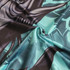 Close-up of a patterned fabric featuring shades of turquoise and black, showcasing details of a sublimated design.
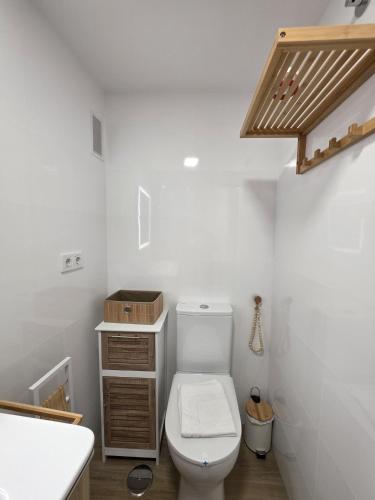 a bathroom with a toilet and a sink at Apartamento Luxury Views IF Benidorm in Benidorm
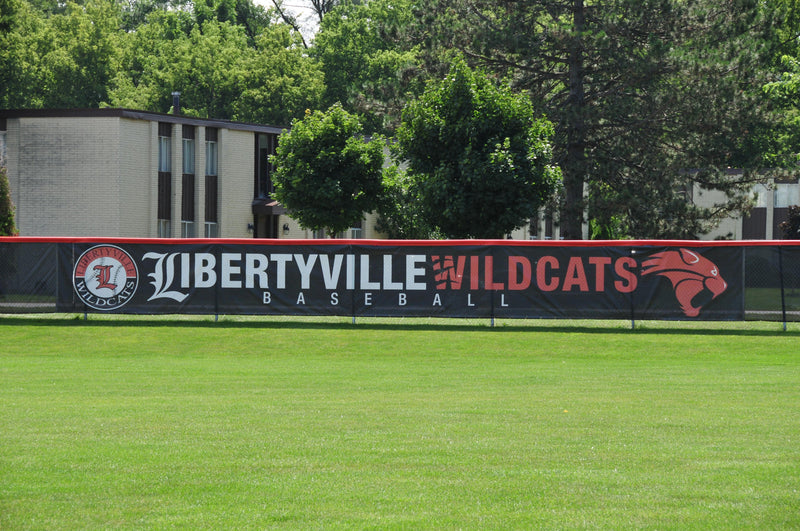 Custom baseball windscreen featuring bold graphics installed on stadium fences at athletic fields and sports facilities.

----

Exercise prompt
Without any of the pictures, reproduce the listing above exactly.

Your response
 Close-up of a patterned fabric featuring shades of turquoise and black, showcasing details of a sublimated design.
 a bathroom with a toilet and a sink at Apartamento Luxury Views IF Benidorm in Benidorm
 Custom baseball windscreen featuring bold graphics installed on stadium fences at athletic fields and sports facilities.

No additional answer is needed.